I am not insulted or hurt by Ael's opinion, actually. I agree with both Ael and eyeroll on most things. This is probably the most supportive forum ever, not that I'm on a ton of forums, and there are times when truth is desired but you can't really tell if people are just bolstering you up or if that is truly their opinion. I didn't feel Ael's opinion was mean-spirited or posted to take a dig. I've seen that and his/her reply was NOT that. Did I specifically ask for feedback? Well, no I suppose I did not but I am always appreciative of honesty. This soap does indeed look like stones in concrete which clearly does not appeal to some. I was just happy not to have flat brownish gray mucky looking soap with no texture or variation- that was a relief to me.


----------



## jules92207 (May 11, 2014)

I guess I will blame my liking it on the fact that I minored in geology and it reminds me of the rocks I studied. I know I am not the popular opinion in most cases though.

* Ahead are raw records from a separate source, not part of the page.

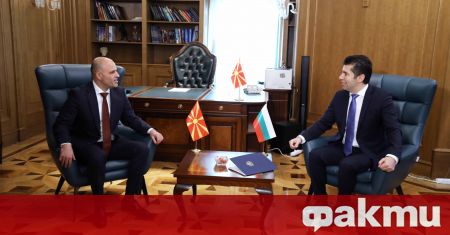 По покана на министър председателя Кирил Петков на официално посещение в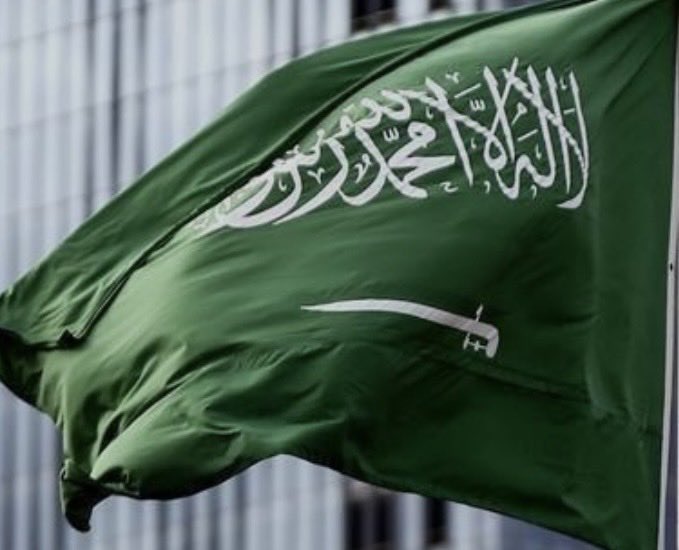 Yazedany's tweet photo. @AlArabiya_Brk الله يوفقه في خدمة دينه ووطنه ورجالنا البواسل هم محل كل تقدير باللي يقوم فيه دائما لحماية هذا البلد العظيم 💚💚 https://t.co/05IIfFzejr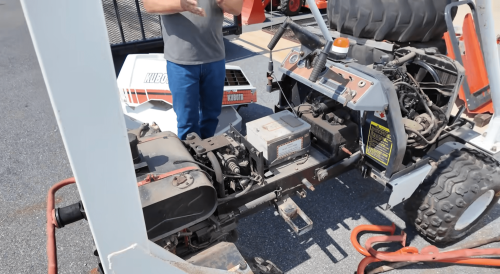Kubota’s Remote Control Tractor Was an ’80s Flop. This Guy Just Found a Survivor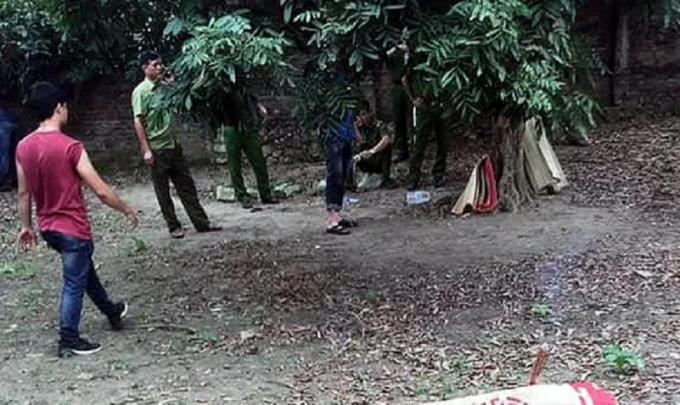 Hiện trường nơi phát hiện thi thể cháu bé.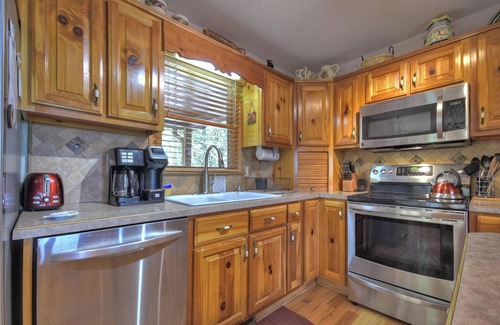 Blairsville Cabin | Lil Bit O Heaven | Mtn Views | Hot Tub | Fire Pit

I don't understand why anyone would post that they like something if they didn't though. This forum is pretty anonymous really, I guess I assumed that would leave the door open for honesty.


----------



## newbie (May 11, 2014)

I don't know why someone would post they like something they don't either, but I do know that this forum seems to have a culture of support, which is fabulous. I could see that leading to bolstering a person up and perhaps coming across as too "pollyanna-ish". THat's not necessarily a bad thing. It only is if someone is seeking out true constructive criticism and people don't give it for fear of coming across as negative when the poster is in need of a critical eye.

I like rocks too. Not a geologist but I have a big bowl of rocks I pick up from various places. That's why I like this soap too.


----------



## eyeroll (May 11, 2014)

newbie said:


> I didn't feel Ael's opinion was mean-spirited or posted to take a dig. I've seen that and his/her reply was NOT that.




Agreed. Ael was v. respectful and polite; I guess I just don't see the point of turning on that critical eye unless it's requested. 

Maybe that attitude also contributes to the Pollyanna vibe - but again, there's a difference between blowing smoke and just not getting involved in the discussion.   Anyway, now you know if I say I like your soap - I mean it.


----------



## Belinda02 (May 11, 2014)

I think it depends on the audience. In the quilt world holding up a quilt will get awwws from quilters but the general public being less sophisticated not so much. I like soaps and enjoy most colors and shapes which is also true of quilts. But the general public will react with horror at a red and orange quilt or a soap looking like rocks. BTW I like rocks and the soap.


----------



## newbie (May 11, 2014)

I'm like you, eyeroll. And yes, being in the world of X gives you a very different appreciation for products, doesn't it? You have a better idea of what it takes and what can and cannot happen easily. It's hard to appreciate unless you are in the thick of it.


----------



## fuzz-juzz (May 13, 2014)

They look great.  And they really do resemble rocks which I don't think it's a bad thing. It is still soap and usable.
Charcoal soap I made for husband was a bit oozy (too much water mixed with colours kind of a mistake) so it ended up as a rebatch. It turned out sooo lovely, I'll be making next batch as HP as well. I might not get a similar effect, but bars looked like pieces of black granite, black with grey and white specks throughout.


----------